Ellen Chew of Shan Shui, talks about opening up at Bicester Village

Let’s get something out of the way: I love shopping at Bicester Village. I commute from London Marylebone at least seven times a year to do my shopping.

I love the brands, the atmosphere of the village and the service that comes along with it. So, it comes as no surprise that out of the eight restaurants I currently operate, Shan Shui is my spoiled child.

Don’t get me wrong though. I love my other outlets and concepts. After all these years of blood, sweat and tears they’re all dear to me. It was an arduous journey when I left my job in Singapore to come to London in 2006. All I had was my luggage and a gigantic dream of starting my very own restaurant business. I love travelling and I love food so opening a restaurant in London seemed like an obvious choice since it’s so well connected to countries in the West.

In Singapore, I worked for food court giants, Kopitiam. My job there was to basically scout for F&B tenants suitable for the demographics of the different locations Kopitiam was established in. My strength lies in finding gaps in different locations and plugging those gaps with exciting F&B concepts. So, when I planned to open my first restaurant in London 10 years ago, I wanted to create a unique experience for the locals: something they have not seen before. That’s when I opened Noodle Oodle – the first hand-pulled noodle restaurant in London. It created a huge buzz as intrigued passers-by filmed the traditional process of noodle making in front of our restaurant. It wasn’t long before that became a huge success.

Using this same formula of creating working F&B trends specific to locations and their demographics, I’ve gone on to open concepts such as Rasa Sayang, a Singaporean/Malaysian restaurant in London Chinatown and Tapas restaurant, Lobos in Borough and Soho.

It was not long before I set my sights on my favourite shopping destination – Bicester Village. Over the years, I’ve noticed the rapidly growing number of Chinese tourists coming to the Village to shop, but I’ve also noticed that there isn’t an establishment here offering authentic Chinese cuisine to this massive market. And, If I’m honest, after a long day’s shopping at the Village, I’ve personally hankered for a nice warm bowl of noodles to recharge!

That’s when I developed the idea of opening the restaurant that would reflect what I grew up eating.

My grandmother, who is originally Shanghainese, moved to Singapore when she was a teen. Her love for cooking has seen her experimenting with ingredients, spices and recipes from both worlds and we got to enjoy the fruits of her culinary labour and that was exactly what I planned to offer at Bicester Village. Shan Shui’s menu is curated to excite our diners’ palates with the dynamic taste of traditional Shanghainese cuisine as well as the eclectic dishes from the diverse culinary scene of South-East Asia.

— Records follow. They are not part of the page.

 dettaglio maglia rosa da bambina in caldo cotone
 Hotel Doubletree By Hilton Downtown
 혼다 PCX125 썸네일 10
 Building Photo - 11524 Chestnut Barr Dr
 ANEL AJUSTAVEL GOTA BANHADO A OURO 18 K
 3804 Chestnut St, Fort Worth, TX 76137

We also aim to keep things interesting for our diners in our menu. Take for example the Crispy Sichuan Mala Chicken: this dish consists of deep-fried, bite-sized pieces of crispy chicken that has been marinated with numbing Sichuan peppercorns and other aromatics. As you can imagine, the end result is a real sensory treat what with its wide spectrum of flavours. To make things even more exciting, this dish is covered in plenty of dried chillies, so you will find yourself hunting for the bite-sized pieces of chicken with your chopsticks.

To date, Shan Shui is also my prettiest restaurant in terms of the interior décor. Being in glamorous Bicester Village we had to look the part: Shan Shui’s look is reminiscent of 1920s Shanghai, which was its most glamorous era. Because the restaurant holds such personal significance to me, I’ve adorned the walls with old pictures of my family and a collection of Chinese paraphernalia, some of which are handed down to me by my parents and grandparents. I look forward to sharing our brand of Chinese and Asian delights.